Data for this task:
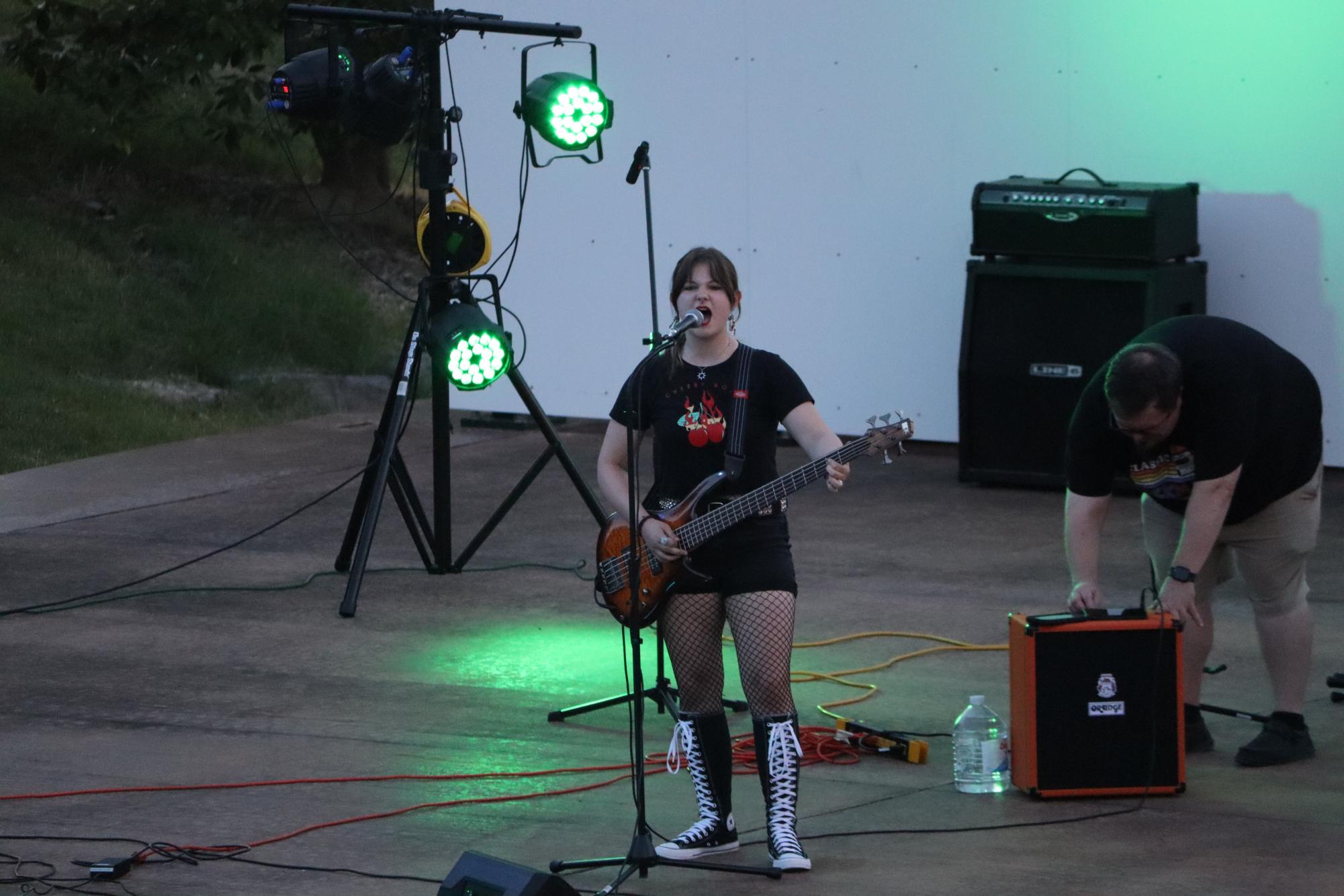 Musicians In The Making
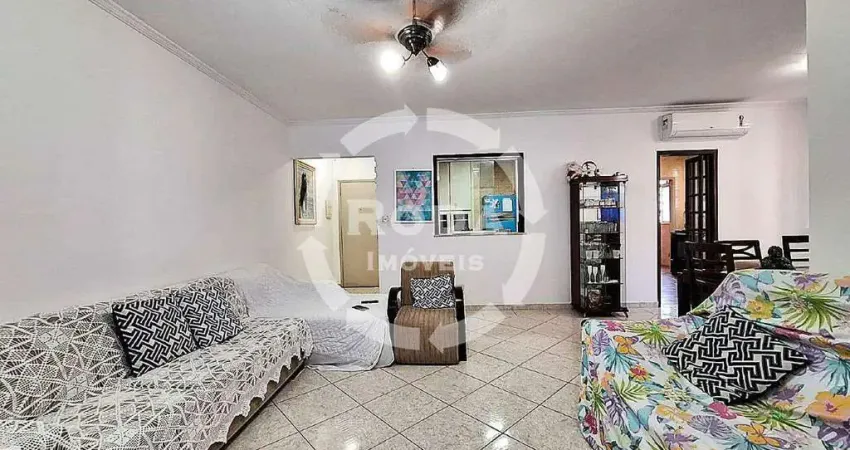 Apartamento à venda, 2 quartos, 1 suíte, 1 vaga, Gonzaga - Santos/SP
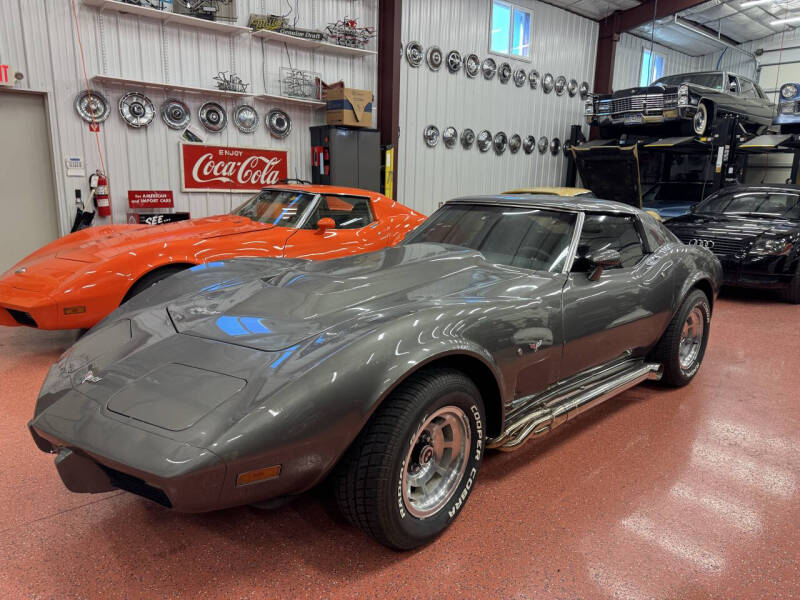 1977 Chevrolet Corvette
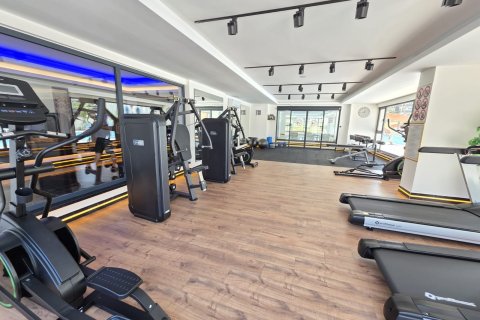 Аренда квартиры  в Аланье, Анталье, Турция 1+1, 65м2, №216793 – фото 12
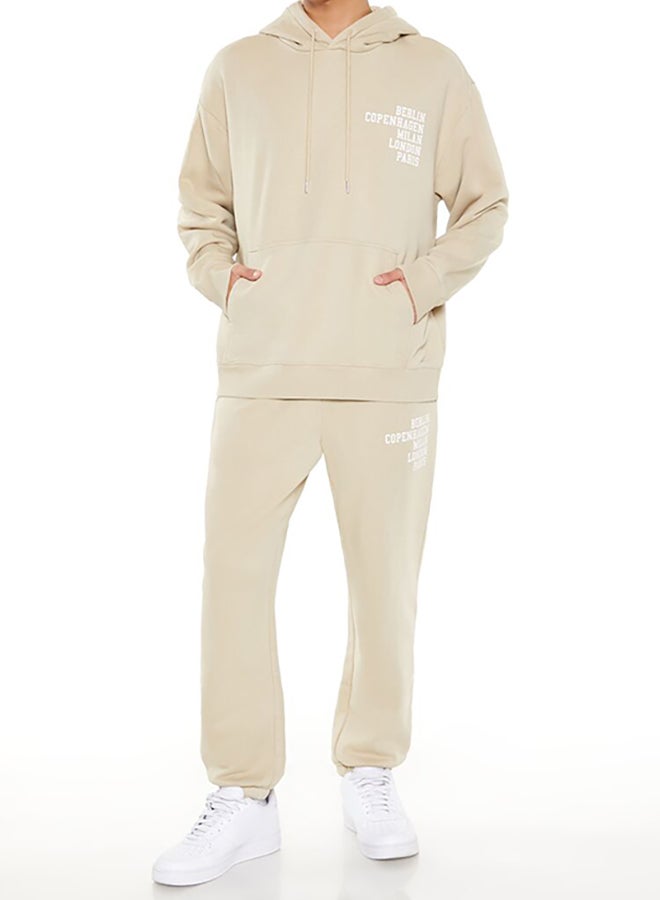 FOREVER 21 European City Names Joggers  - Image 2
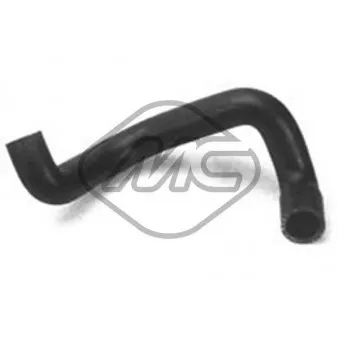 Durite de radiateur Metalcaucho 94168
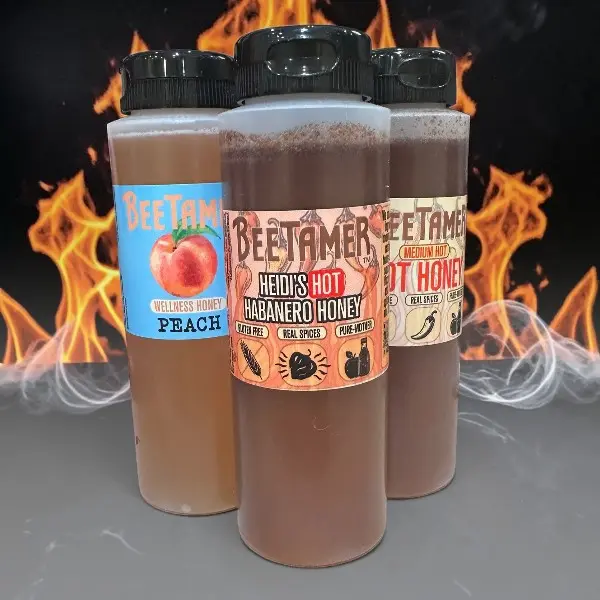 The Sweet Heat Trio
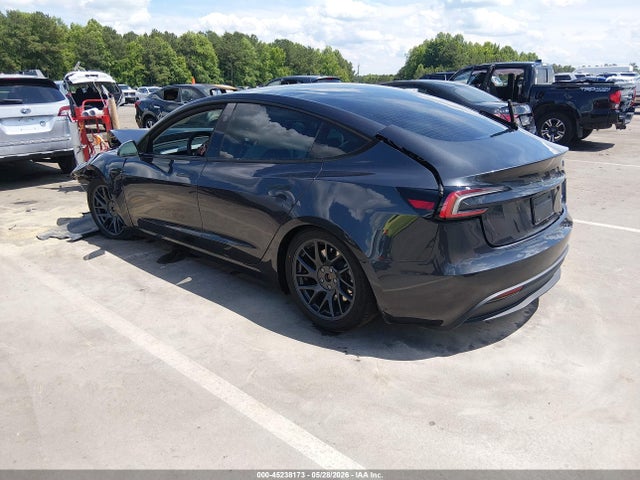 Продаж на аукціоні авто 2025 Tesla Model 3 Long Range All-wheel Drive, vin: 5YJ3E1EB9SF002879, номер лоту: 45238173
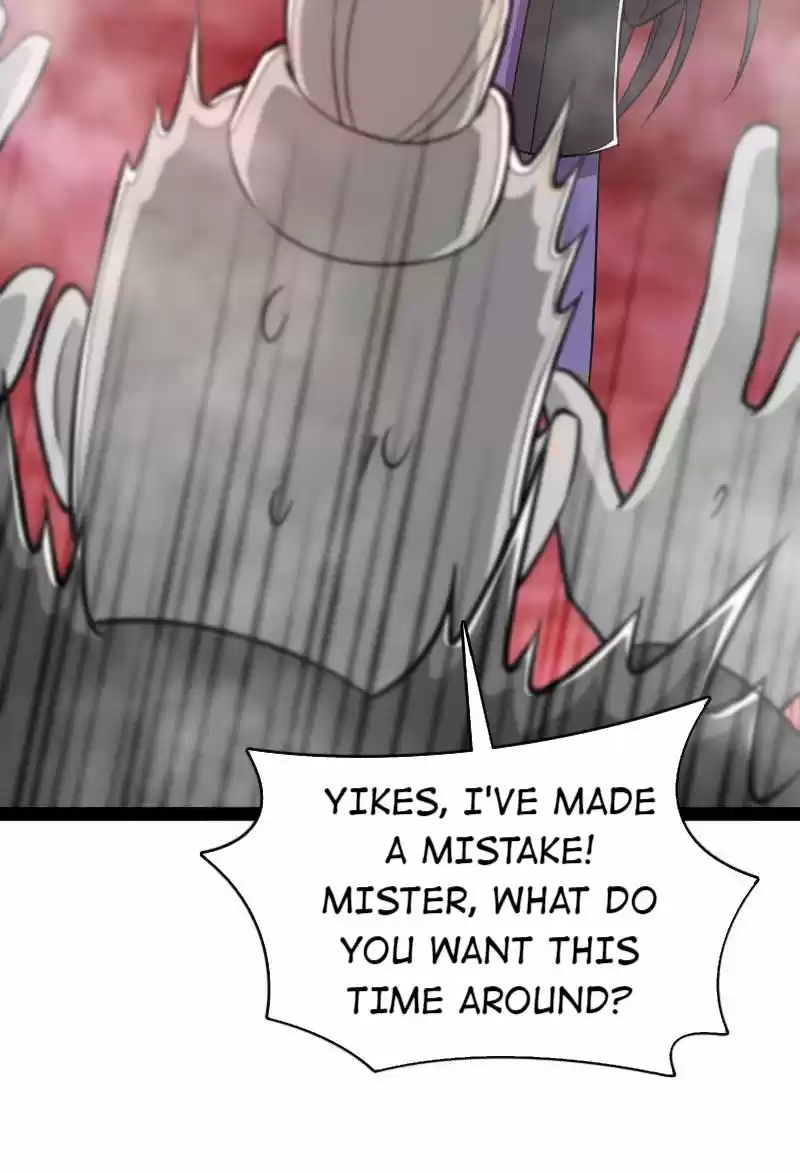 The Martial Emperor's Life After Seclusion Chapter 113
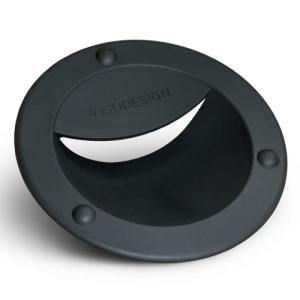 Drain Guard for Garbage Disposals by Ensu Design - Lets Food In, Keeps Utensils Out (Eco-Friendly Recycled Ocean Plastic)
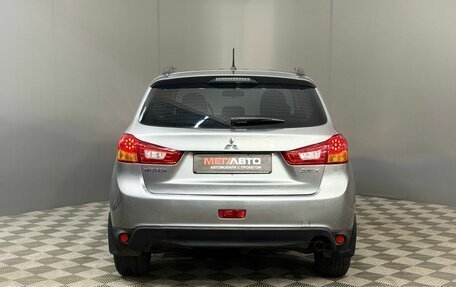 Mitsubishi ASX I рестайлинг, 2014 год, 1 245 000 рублей, 4 фотография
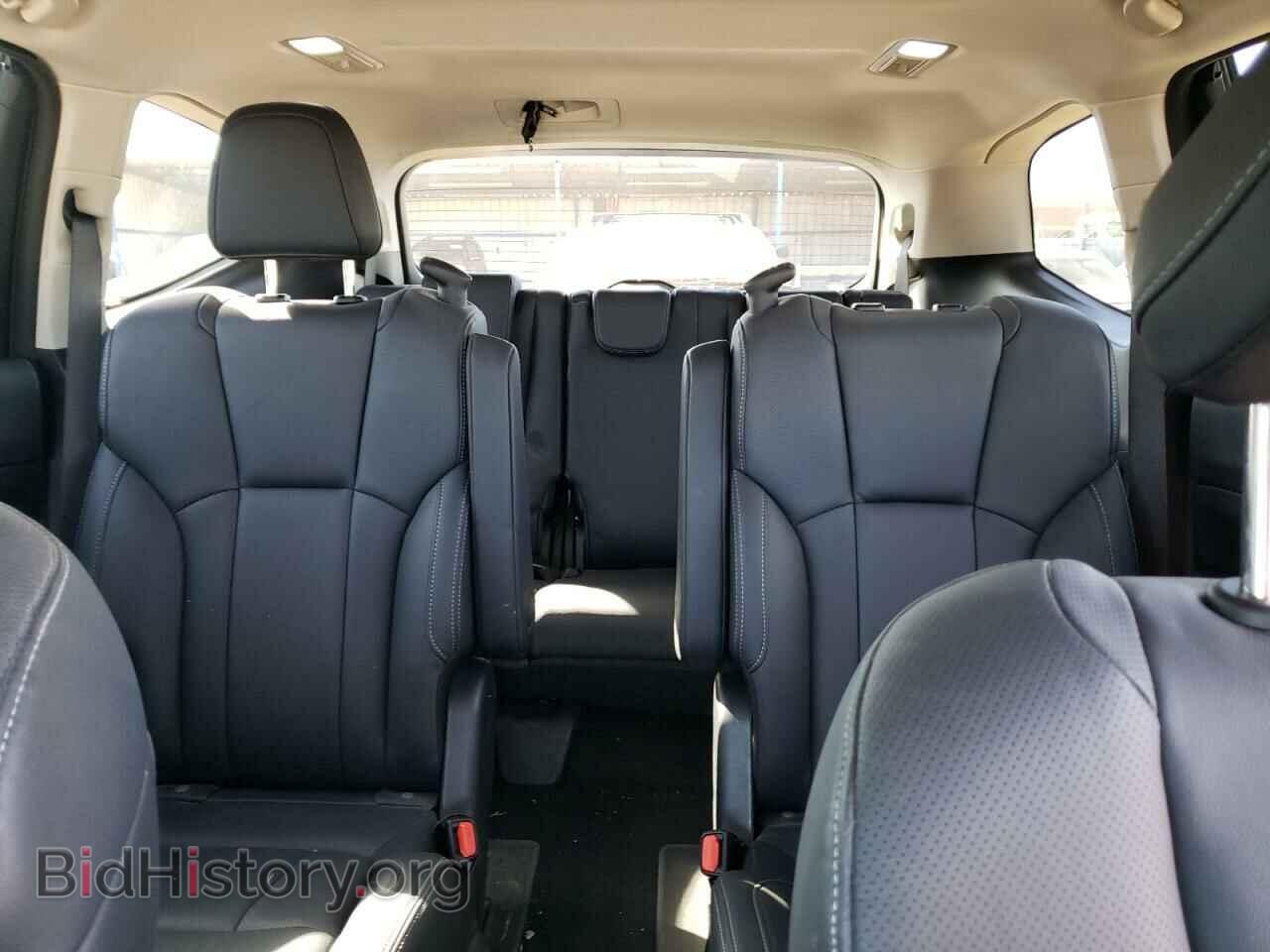 2022 SUBARU ASCENT - VIN: 4S4WMAPD2N3458489 - Фото 10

Work item:
Now transcribe all the entries above exactly, so that no picture is carried over.

Response below:
 Musicians In The Making
 Apartamento à venda, 2 quartos, 1 suíte, 1 vaga, Gonzaga - Santos/SP
 1977 Chevrolet Corvette
 Аренда квартиры  в Аланье, Анталье, Турция 1+1, 65м2, №216793 – фото 12
 FOREVER 21 European City Names Joggers  - Image 2
 Durite de radiateur Metalcaucho 94168
 The Sweet Heat Trio
 Продаж на аукціоні авто 2025 Tesla Model 3 Long Range All-wheel Drive, vin: 5YJ3E1EB9SF002879, номер лоту: 45238173
 The Martial Emperor's Life After Seclusion Chapter 113
 Drain Guard for Garbage Disposals by Ensu Design - Lets Food In, Keeps Utensils Out (Eco-Friendly Recycled Ocean Plastic)
 Mitsubishi ASX I рестайлинг, 2014 год, 1 245 000 рублей, 4 фотография
 2022 SUBARU ASCENT - VIN: 4S4WMAPD2N3458489 - Фото 10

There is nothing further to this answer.